Некоторые доктора и повитухи клялись, что могут судить о беременности по урине женщины. Он тоже мог сделать этот анализ, если того хотели пациенты, но сам не считал его убедительным. А вот если у женщины два раза кряду не приходила менструация, Бланшар почти не сомневался, что она беременна. Иногда случались ложные беременности, но с годами у него развилось чутье, которому он доверял. Через несколько минут он объявил Софи:

– Кажется, мадам де Синь, у вас все-таки будет ребенок.

Последующие месяцы были странными. Умеренные жирондисты

пошли на подъем, якобинское движение стало объектом критики и ненависти. Даже когда банды золотой молодежи – мюскадены – задирали якобинцев на улицах, никто за них не вступался.

Хотя комитет общественной безопасности и трибунал все еще существовали, их власть шла на убыль. Иные из тех, кого якобинцы бросили за решетку, пока оставались там, но многих освободили. Даже части аристократов, бежавших за границу, позволили вернуться.

К началу 1795 года некоторым церквям разрешили снова проводить богослужения – при условии, что не будет колокольного звона и крестов на фасаде.

То было время противоречий и путаницы, но, по крайней мере, не террора.

Вот так и вышло, что в марте 1795 года, когда в дополнение к политическому хаосу в Париже начались проблемы с поставками хлеба, доктору Бланшару удалось получить разрешение увести Софи де Синь в преддверии родов из крепости Тампль под его ответственность. Ведь тогда, убеждал он власти, тюрьме придется кормить на одного заключенного меньше. А после рождения ребенка никто, казалось, не обратил внимания на то, что доктор без лишней огласки перевез малыша и его мать в родовой замок де Синей в долине Луары.

Софи назвала мальчика Дьедонне – «дар Бога», и Бланшар считал, что ребенка поистине послали высшие силы.

В дальнейшем Эмиль Бланшар и Софи старались поддерживать связь.
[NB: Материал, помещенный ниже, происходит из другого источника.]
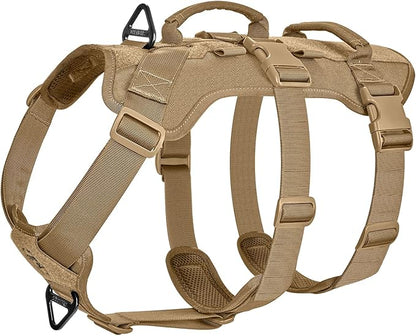 OneTigris Escape Proof Dog Harness, No Pull Dog Harness with Handles, Tactical Multi-Use Support Dogs Harnes for Large Dogs Everyday Wear Walking Hiking Training (Brown, Large)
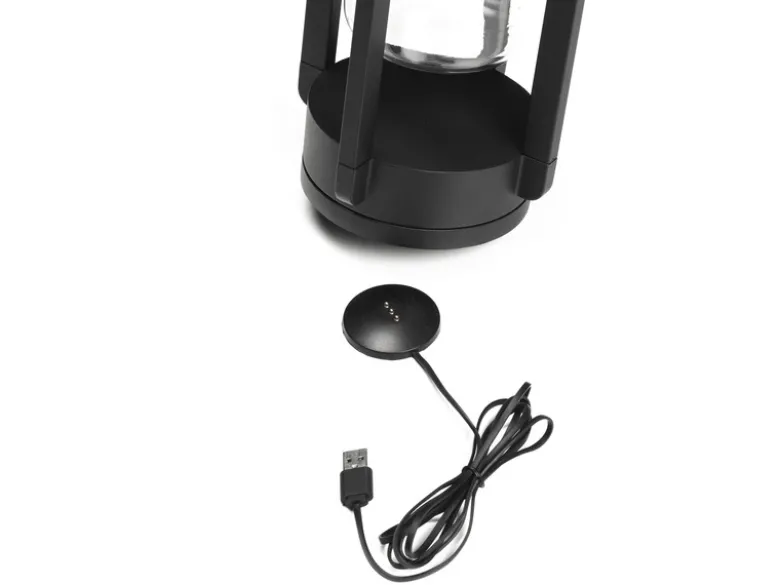 LED Outdoor Laterne OTRANTO USB aufladbar für Boden & Tisch, Schwarz Höhe 44cm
Он весьма гордился тем фактом, что именно ему, Бланшару, благородное семейство де Синь обязано спасением от гибели. Софи же твердо решила вырастить сына вдали от Парижа, которого стала бояться. Ее стремление доктор вполне мог понять. Дьедонне де Синь, таким образом, воспитывался в сельской тиши, и в этом, рассуждал Бланшар, не могло быть ничего дурного.

Не то чтобы жизнь в Париже была слишком плоха. Революция извлекла из Большого Террора важные уроки. Постепенно сформировалась законодательная власть с двумя палатами, которые избирались и подчинялись закону. Без проблем не обошлось. Среди законодателей преобладали члены Конвента. Вспыхивали восстания, их подавляли. Но за четыре года новая система, возглавляемая Директорией в составе пяти человек, навела в стране относительный порядок.
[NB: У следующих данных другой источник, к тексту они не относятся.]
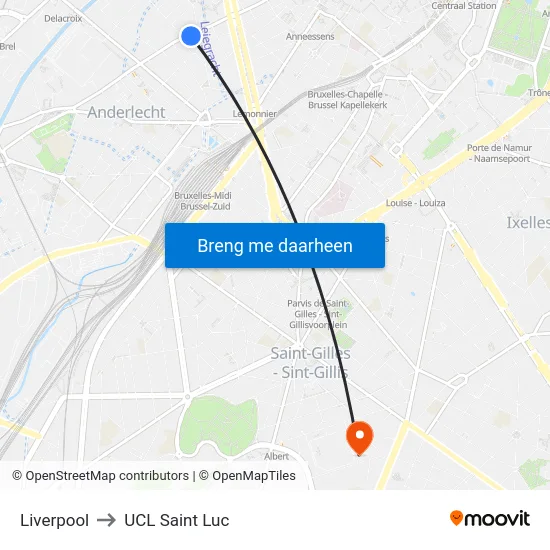 Liverpool to UCL Saint Luc map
Эмиль все собирался выбраться в долину Луары, чтобы навестить Дьедонне и его мать, но каждый раз поездке что-то мешало.

В Париже действительно было много дел. Его медицинская практика процветала – он стал лечащим врачом ряда политиков и их семей. Но, пожалуй, самым важным из всех его пациентов была очаровательная дама, вдова с двумя детьми, в то время бывшая любовницей Поля Барраса – одного из членов Директории.
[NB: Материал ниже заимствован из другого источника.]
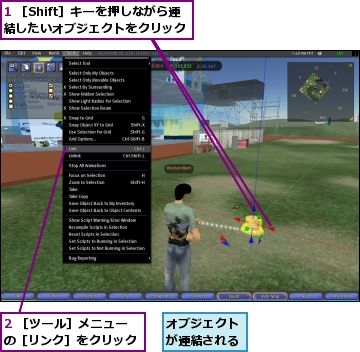 1 ［Shift］キーを押しながら連結したいオブジェクトをクリック,2 ［ツール］メニューの［リンク］をクリック,オブジェクトが連結される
Это знакомство было полезным и само по себе, но последствия его превзошли самые смелые ожидания Бланшара.

Дело в том, что Баррас решил расстаться с Жозефиной и устроил ее брак с молодым и подающим большие надежды генералом, который был без ума от нее. В результате Бланшар оказался другом молодого Наполеона Бонапарта.

– И с тех пор для меня началась новая жизнь, – так потом говорил Бланшар своим детям и внукам.

Да, несмотря на свои недостатки, будущий консул и император Франции был верным другом. Решив однажды, что лечащий Жозефину доктор – честный и толковый человек, он стал рекомендовать его всем своим знакомым. Естественно, знакомые Бонапарта принадлежали к числу самых богатых и влиятельных людей Франции, так что Бланшар получал хорошее вознаграждение за свои услуги.

Уникальное правление императора Наполеона, ознаменовавшееся победами, имперским величием и трагедией, закончилось в 1815 году поражением при Ватерлоо, но к этому моменту доктор Эмиль Бланшар был очень состоятельным человеком, готовым отойти на покой. Специально для этой цели он уже приобрел чудесный дом в Фонтенбло.